— WHAT YOU NEED TO DO —
Below is a block of records; reproduce all of them exactly and leave out any pictures.

— PROVIDED DATA —
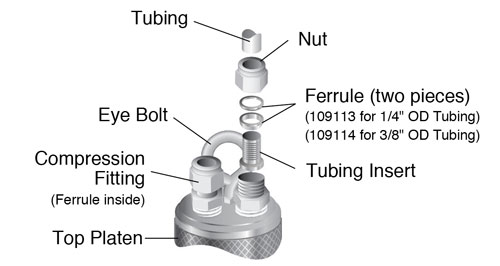 solinst double valve pump top platen tubing connections
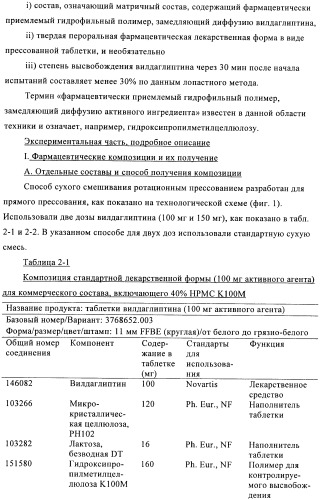 Состав с модифицированным высвобождением, содержащий 1-[(3-гидроксиадамант-1-иламино)ацетил]пирролидин-2(s)-карбонитрил (патент 2423124)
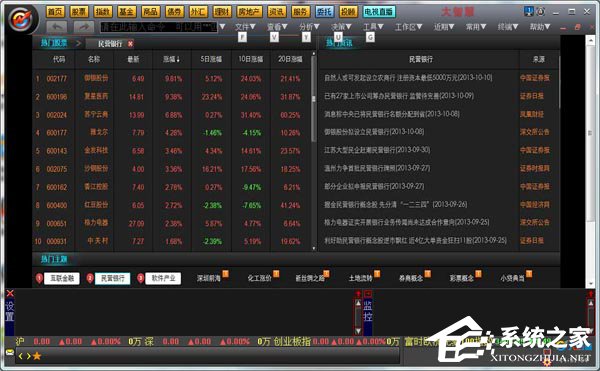 Win7電腦安裝大智慧軟件時出現(xiàn)亂碼怎么辦？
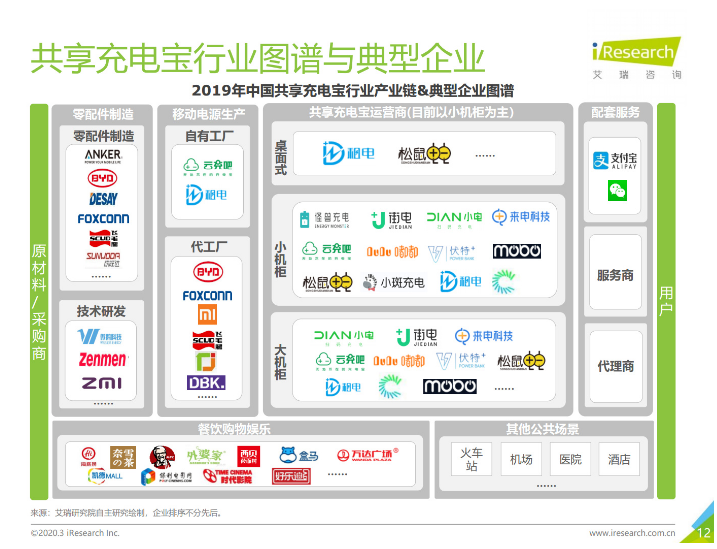 朔城苹果手机维修分享iPhone 12 如何安全使用共享充电宝 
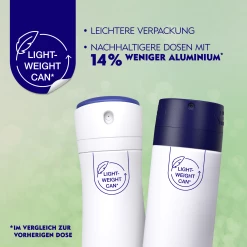 NIVEA Dry Impact Deodorant Spray -Compeed Geschäft MAM 7862363 SHOP IMAGE 1.5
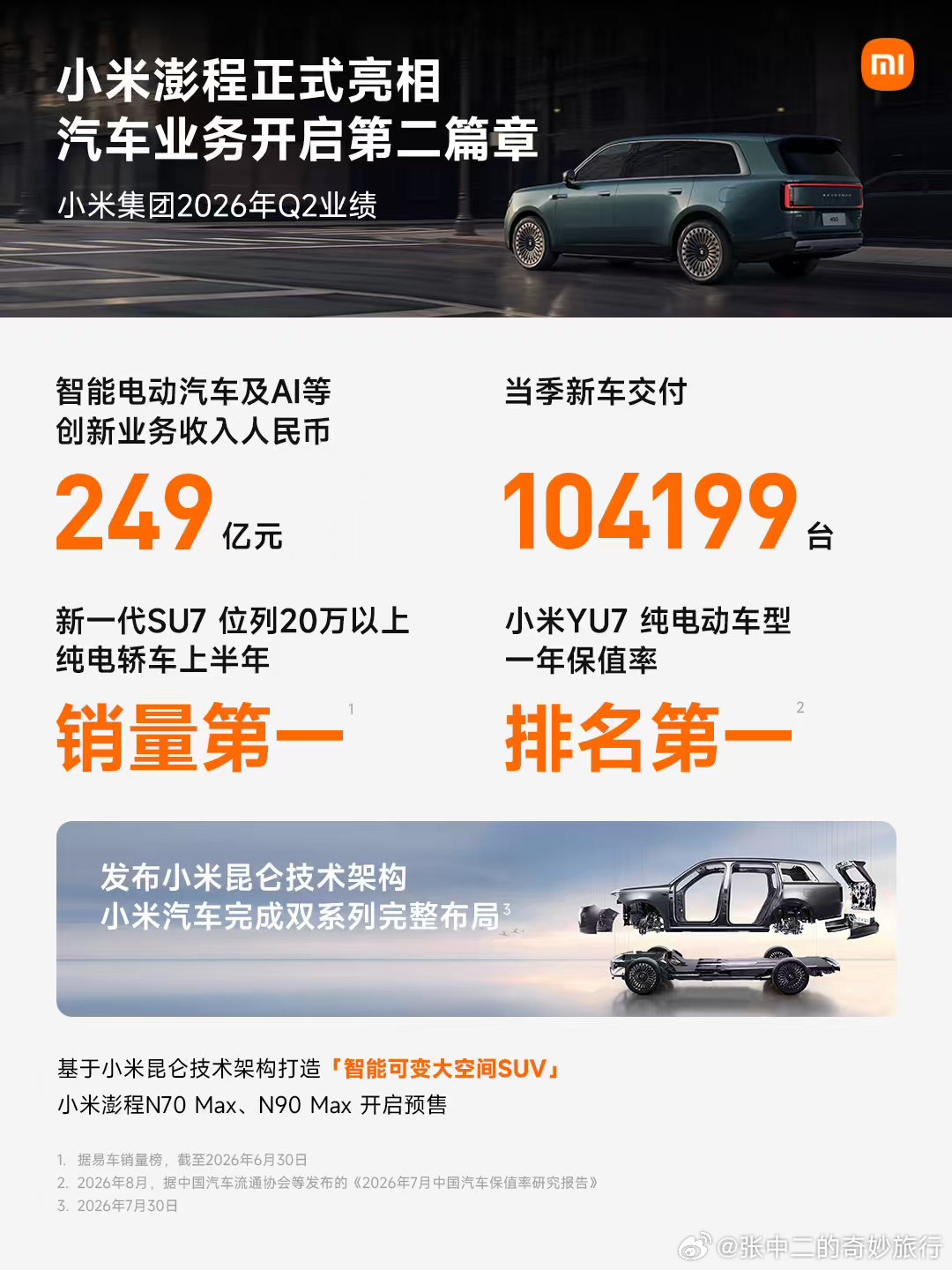 大增程SUV才是决战，澎程一旦开始交付，还会是另一番光景。​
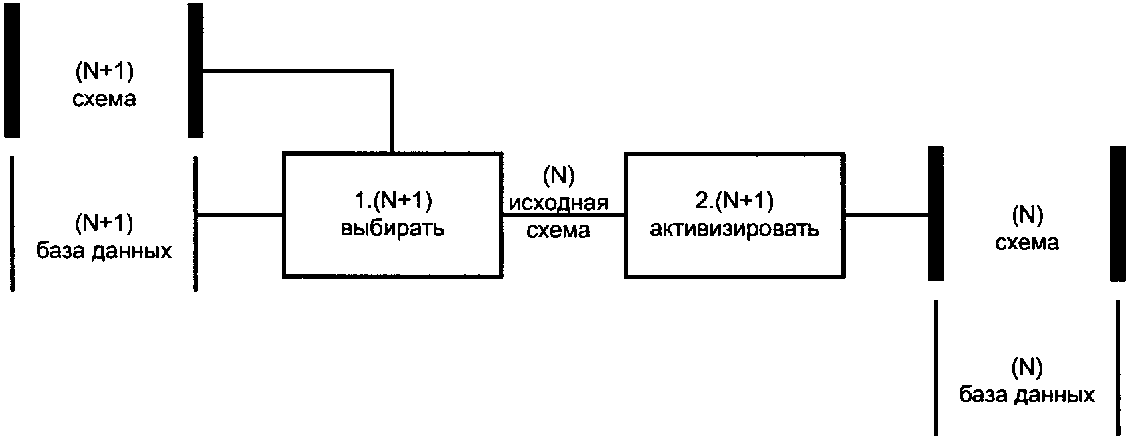 Данных кроме того у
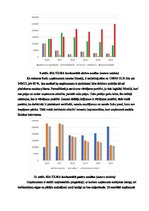 Referāts 'Finanšu analīze uzņēmumā SIA „ULMA“', 8.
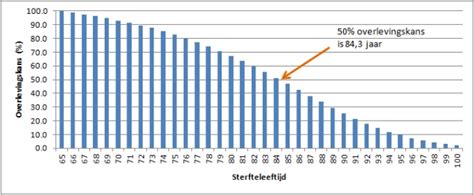 Grafiek die de overlevingskansen en de kans op het overleven zonder ernstige handicaps weergeeft voor kinderen geboren tussen 23 en 26 weken zwangerschapsduur.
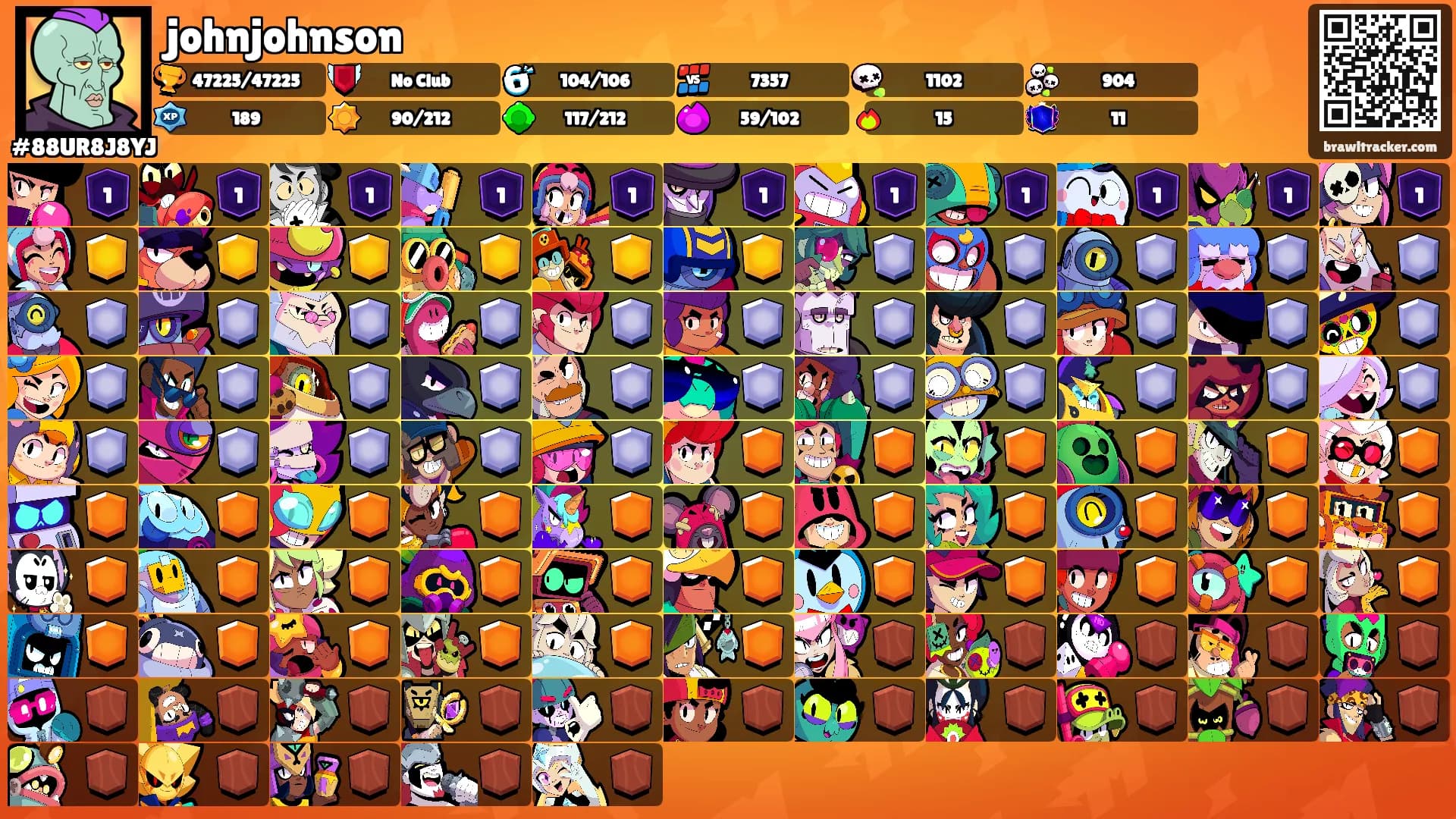 johnjohnson's Ranks
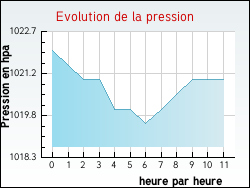 Evolution de la pression de la ville Dolomieu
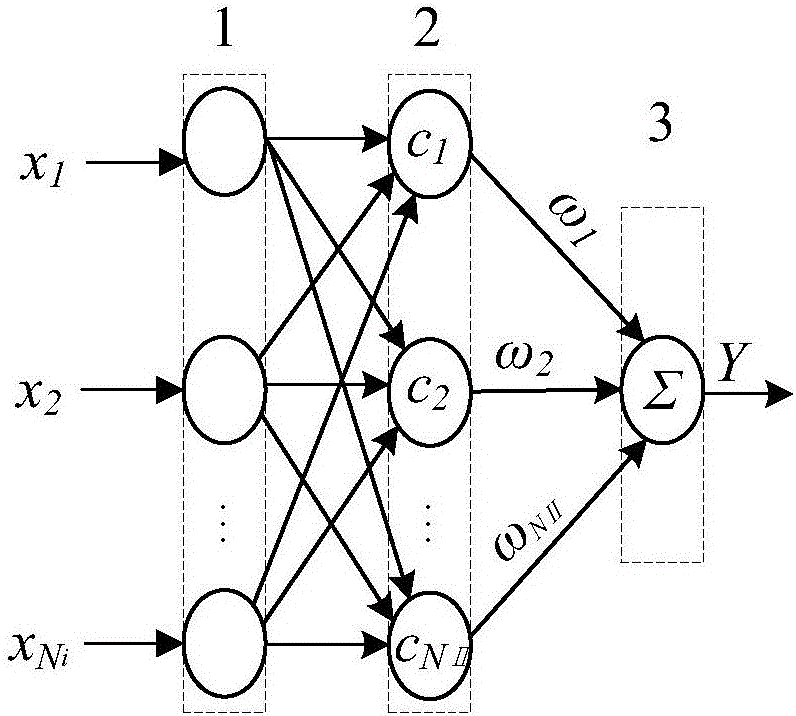 Intelligent power grid short-term load predication method based on improved RBF neural network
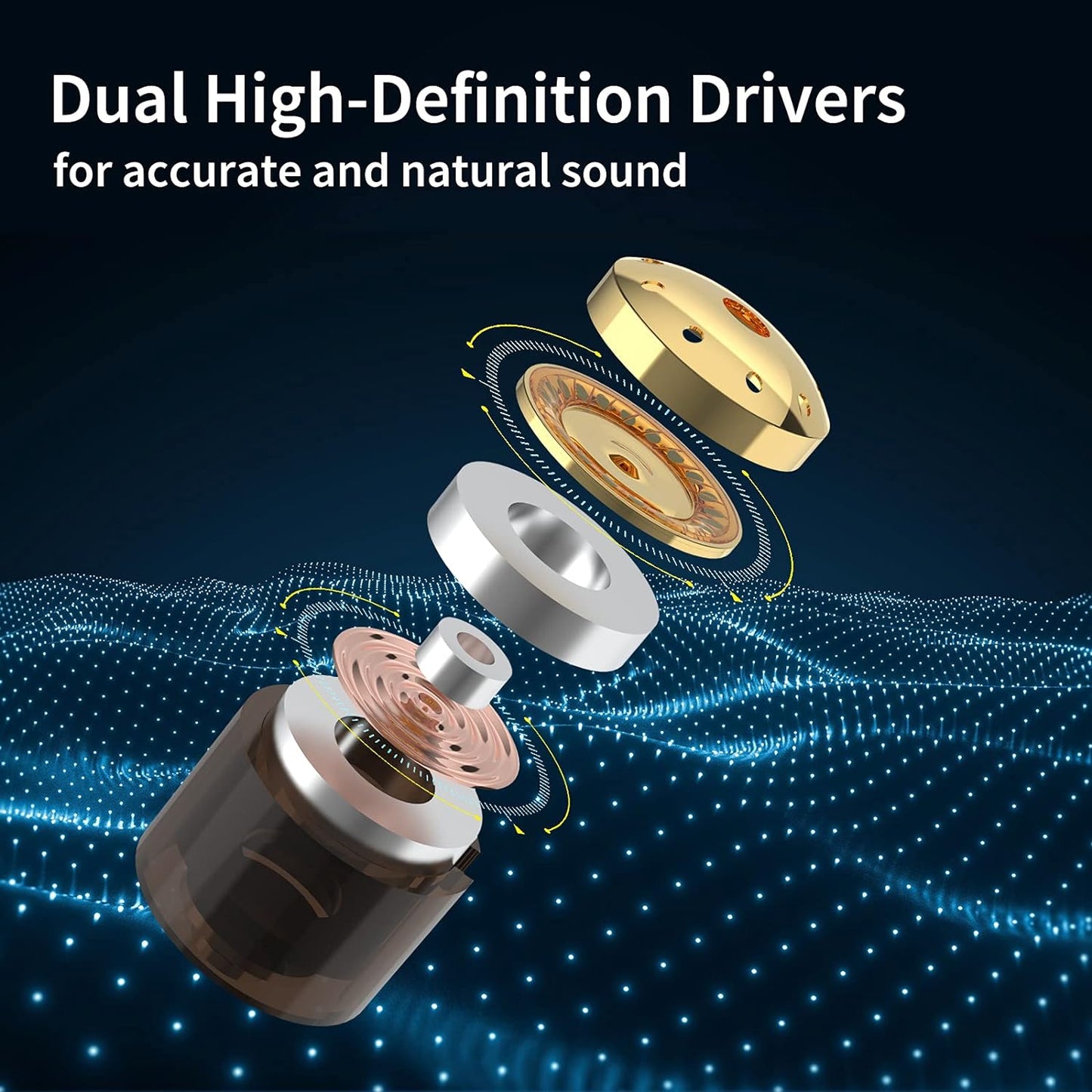 BASN in Ear Monitor Headphones for Musicians Audiophiles Drummers, Bsinger Pro Noise Isolating Earbuds with Dual Driver Dynamic Crystal Clear Sound (Pro Clear Purple)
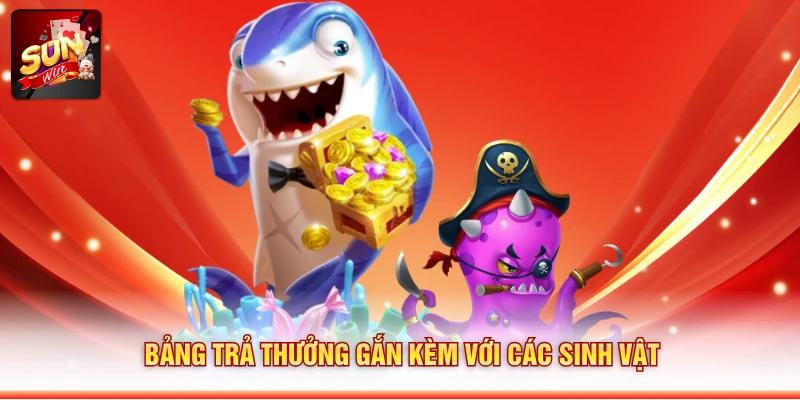 Bảng trả thưởng gắn kèm với các sinh vật
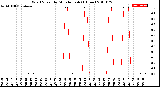 Milwaukee Weather Wind Speed<br>by Minute mph<br>(1 Hour)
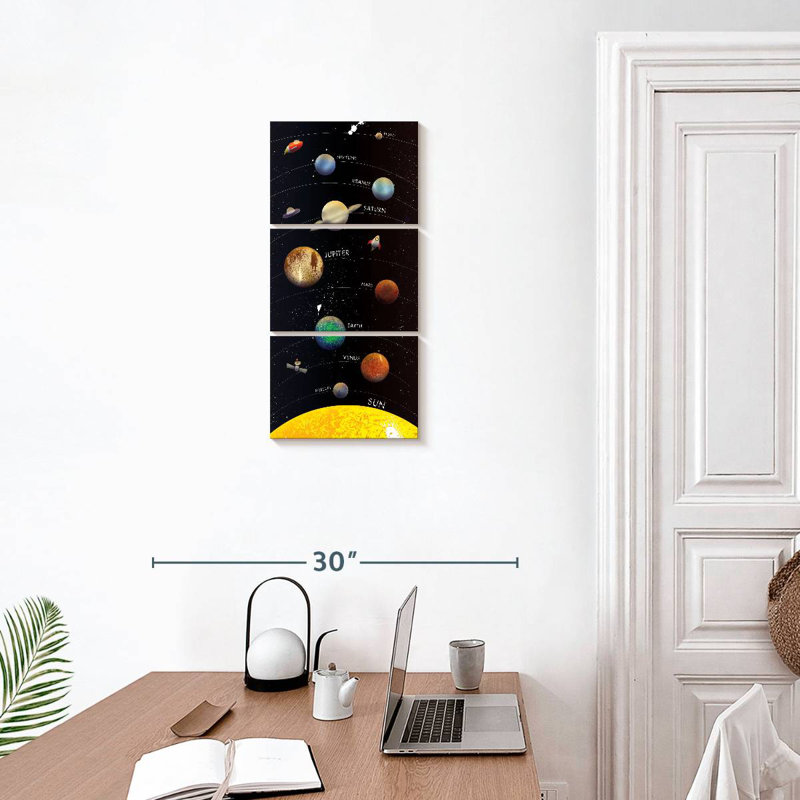 Planètes galaxies avec noms, H 27 po x l 12 po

— RESULT —
 solinst double valve pump top platen tubing connections
 Состав с модифицированным высвобождением, содержащий 1-[(3-гидроксиадамант-1-иламино)ацетил]пирролидин-2(s)-карбонитрил (патент 2423124)
 Win7電腦安裝大智慧軟件時出現(xiàn)亂碼怎么辦？
 朔城苹果手机维修分享iPhone 12 如何安全使用共享充电宝 
 NIVEA Dry Impact Deodorant Spray -Compeed Geschäft MAM 7862363 SHOP IMAGE 1.5
 大增程SUV才是决战，澎程一旦开始交付，还会是另一番光景。​
 Данных кроме того у
 Referāts 'Finanšu analīze uzņēmumā SIA „ULMA“', 8.
 Grafiek die de overlevingskansen en de kans op het overleven zonder ernstige handicaps weergeeft voor kinderen geboren tussen 23 en 26 weken zwangerschapsduur.
 johnjohnson's Ranks
 Evolution de la pression de la ville Dolomieu
 Intelligent power grid short-term load predication method based on improved RBF neural network
 BASN in Ear Monitor Headphones for Musicians Audiophiles Drummers, Bsinger Pro Noise Isolating Earbuds with Dual Driver Dynamic Crystal Clear Sound (Pro Clear Purple)
 Bảng trả thưởng gắn kèm với các sinh vật
 Milwaukee Weather Wind Speed<br>by Minute mph<br>(1 Hour)
 Planètes galaxies avec noms, H 27 po x l 12 po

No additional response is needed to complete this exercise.